Monday, December 5, 2011
Thursday, November 10, 2011
Emscripten Updates
Lots of stuff has happened with Emscripten, I haven't blogged because I've been too busy. Here are some updates:
- Emscripten was used to compile the Android H264 codec to JavaScript, in a project called Broadway. (live demo)
- I gave a talk about Emscripten at SPLASH 2011 in Portland. (slides)
- I gave a talk about Emscripten at JSConf.EU in Berlin. (slides)
- Performance of the generated code has been improving due to progress in the relevant projects (JS engines, Emscripten and Closure Compiler). Some numbers appear in the slides linked to above (the upper link is more recent).
- Bundled headers. This makes it easier to use Emscripten on non-Linux platforms (Linux being the platform that most development is done on) and in a portable way that does not depend on your local system headers.
- Some library bugfixes that resolved almost all the open issues on speak.js, the Emscripten port of eSpeak to JavaScript which lets you do text-to-speech on the web.
- j2k.js, a port of OpenJPEG to JavaScript with a nice API, letting you decode JPEG2000 images on the web. This might be helpful with pdf.js.

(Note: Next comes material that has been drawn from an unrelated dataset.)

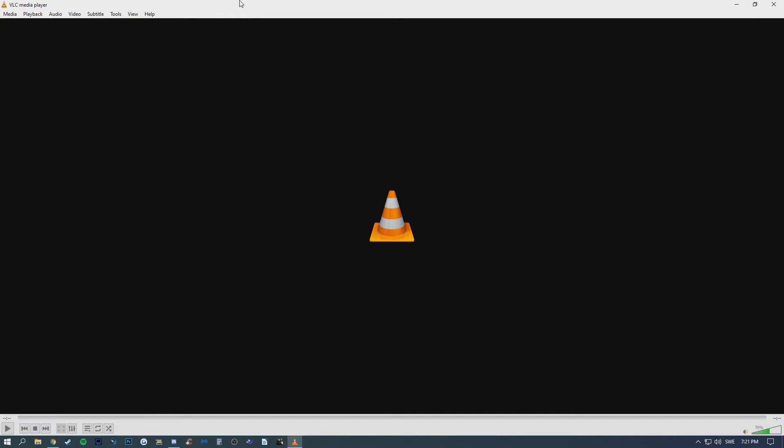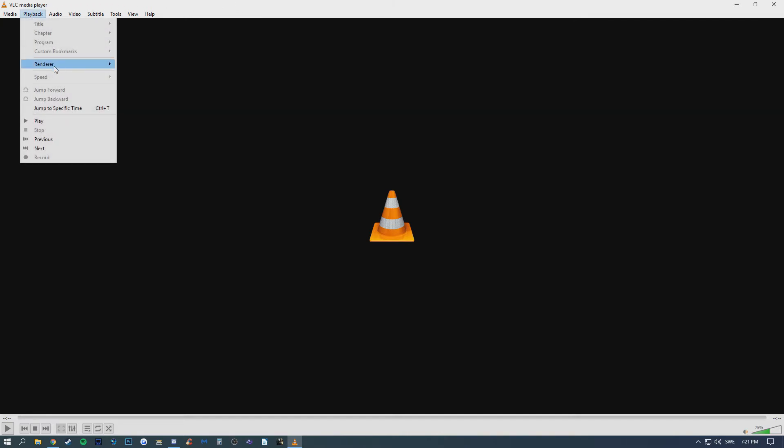Then when you open VLC, go to playback, renderer and here you can find your device. So I have my living room TV right here because like I said, both my PC and my TV is on the same Wi-Fi. You can see that I am now connected to my living room TV with the Chromecast.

- Support for LLVM svn (soon to be 3.0). Note that revision 141881 is known to work, others should but not necessarily.
- Many other improvements and bugfixes to Emscripten. I should probably formally release a 2.0 version, but I can't seem to decide when.
- Finally, I am now working fulltime on Emscripten and Emscripten-related things (at Mozilla, where I already worked but on other stuff before). So progress on Emscripten will be faster :)
Sunday, October 9, 2011
llvm-svn branch has been merged
The llvm-svn branch of Emscripten has been merged to master, in preparation for Emscripten 2.0, after all tests have been fixed and all speed regressions resolved. If you are currently using master, the consequences of that are:
- You should use LLVM's svn (soon to be 3.0). LLVM 2.9 might still work, but it isn't guaranteed. Also, LLVM 3.0 is deprecating llvm-gcc, so Emscripten no longer uses that in its tests (as with 2.9, it might still work, but it might not). clang in 3.0 is much improved and is able to compile much more code than 2.9, so llvm-gcc is less necessary; there is also dragonegg which combines LLVM and GCC in a different manner, but its website says it is not mature yet.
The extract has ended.